I have always imagined a fixed goal post or none at all and worked towards it. When that happens, life is convenient. It happens for most people till the age when they are in college and for a lucky few, even after that.
To me, disillusionment came pretty early in life. The goal post vanished and no goal at all was not acceptable. One hell of an uncomfortable situation. I kind of split apart. In so many directions. Being the fool that I am, I could not conceive the idea of a moving goal post. I thought that it was extraordinary to not have any goals at all or to have one but not be able to see it.
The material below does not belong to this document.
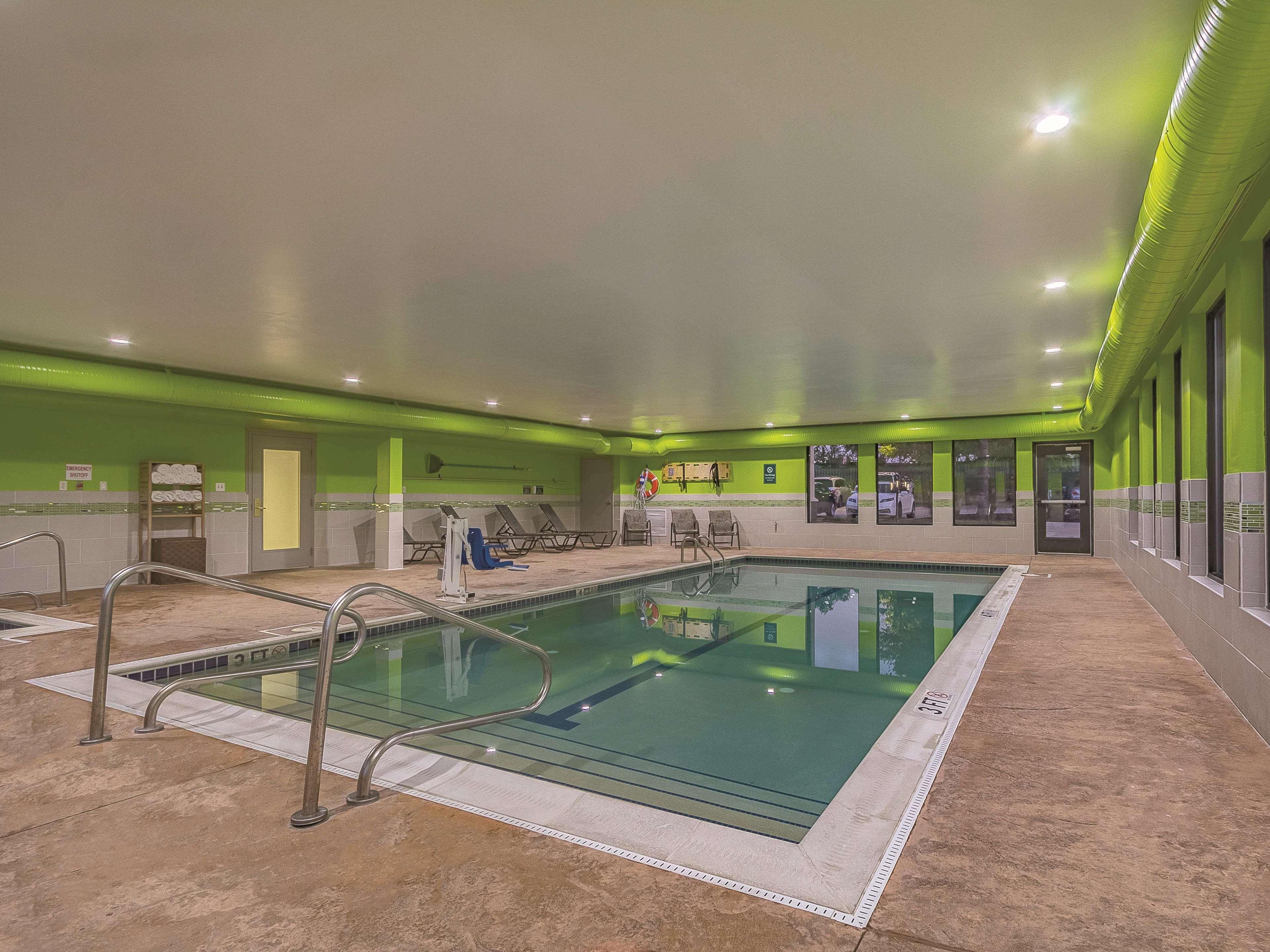 La Quinta By Wyndham Cleveland Airport West Hotel North Olmsted Exterior photo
It was like wandering in pitch darkness without any support for directions (reminds me of Dan Brown’s Last Symbol Lab Setup). I wandered for long without moving ahead.
Time is a great wizard. It makes head grow just like that. Mine also grew a bit. Externalities also coaxed and I started moving towards no goal. Bit by bit (like Newton Raphson method in Numerical Analysis), I am converging towards that goal and may be able to see it sometime soon. Bit by bit, I am accepting the idea of a movable goal post and I am ready to play the game which uses that. That game is Life!! I am not getting a hang of it. Still far from being a champion at it but one can always strive and I am doing that!
I may become good at it eventually, I may not. The objective is to give the damned game a fair chance and fullest effort! It is surreal to realize sometimes how much distance has been covered in just a year! More emotionally than in any other way!